Sonny Bryan’s (Dallas)
Address: 2202 Inwood Road, Dallas
Phone: (214) 357-7120
Established: 1958, with roots in 1910
Owners: Walker Harman and partners
Best Bites: beef brisket, pork ribs, fried
onion rings, french fries, potato salad,
two-meat po’boy
Payment: credit cards
The menu at Sonny Bryan’s is presented on a series of signs posted above the line. Beef brisket and St. Louis-style pork ribs, which make up 80 percent of Sonny’s meat sales, are cooked without any dry rub or mopping sauce on an old brick pit fueled by hickory. In a world that seeks more and more complicated ways to apply smoke to meat, at Bryan’s the meat sits pretty much atop the fire, which therefore must be kept low to cook slow. That about does it for each brisket, which is then sliced or chopped to order. Ribs, on the other hand, get smoked first, then dunked by the rack in barbecue sauce and allowed to marinate in the refrigerator. For service, racks are sliced into ribs, covered with more sauce and finished on a hot grill—thus the delightful, brown-sugary-crisp caramelization around the edges.
Side dishes at Sonny’s are limited and mostly traditional, but nothing outsells the favorite side: fried onion rings with batter engineered by Sonny himself to taste incredible with his barbecue sauce.
Peggy Sue BBQ (Dallas)
Address: 6600 Snider Plaza, Dallas
Phone: (214) 987-9188
Established: 1989
Owner: Marc Hall
Best Bites: baby back ribs, beef brisket, chopped brisket quesadilla, mashed potatoes, steamed broccoli, coleslaw with boiled
vinegar dressing, fried apricot pie
Payment: credit cards
Because barbecue is such a tightly focused, obsessive-compulsive cooking style, the number of barbecue guys who’ve enjoyed success with other types of food is actually quite small.
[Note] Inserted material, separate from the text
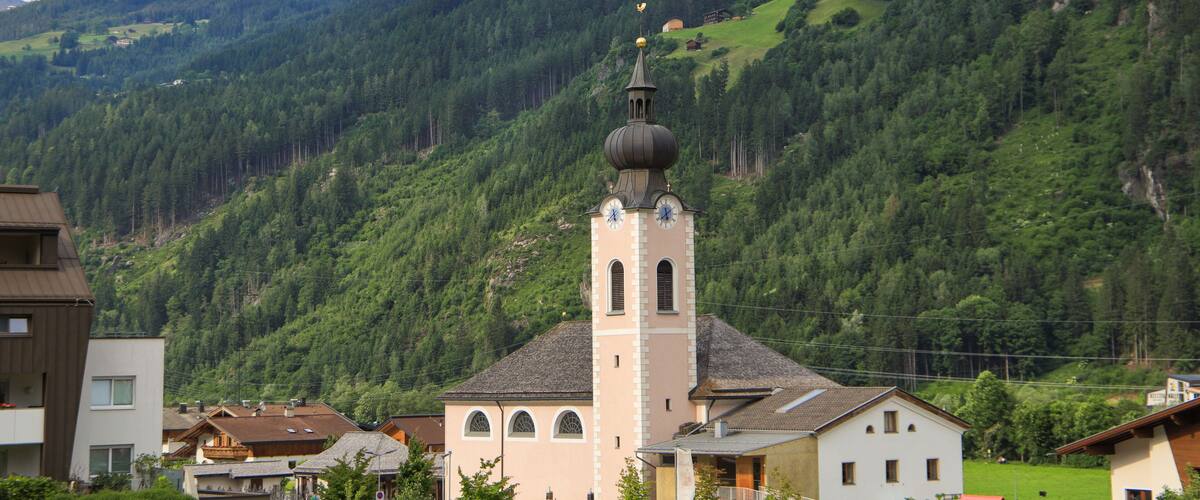 A church with a bell tower, surrounded by lush green hills and a clear sky.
Yet Marc Hall is serving up barbecue at Peggy Sue today precisely because his previous Amore and Cisco Grill had already proven to be knockouts in the neighborhood.
“This place was a barbecue joint for 50 years before it closed in the ’80s,” Marc says of the space known long ago as Howard & Peggy’s and later as Peggy’s Beef Bar. “Since we have two other restaurants here, the owners approached us about taking this over. I mean, we kinda looked at it and at each other and said, ‘No thanks.’ Finally, the guy said he’d give it to us rent-free until we figured out what we wanted to do with it. That time we couldn’t help but say yes.”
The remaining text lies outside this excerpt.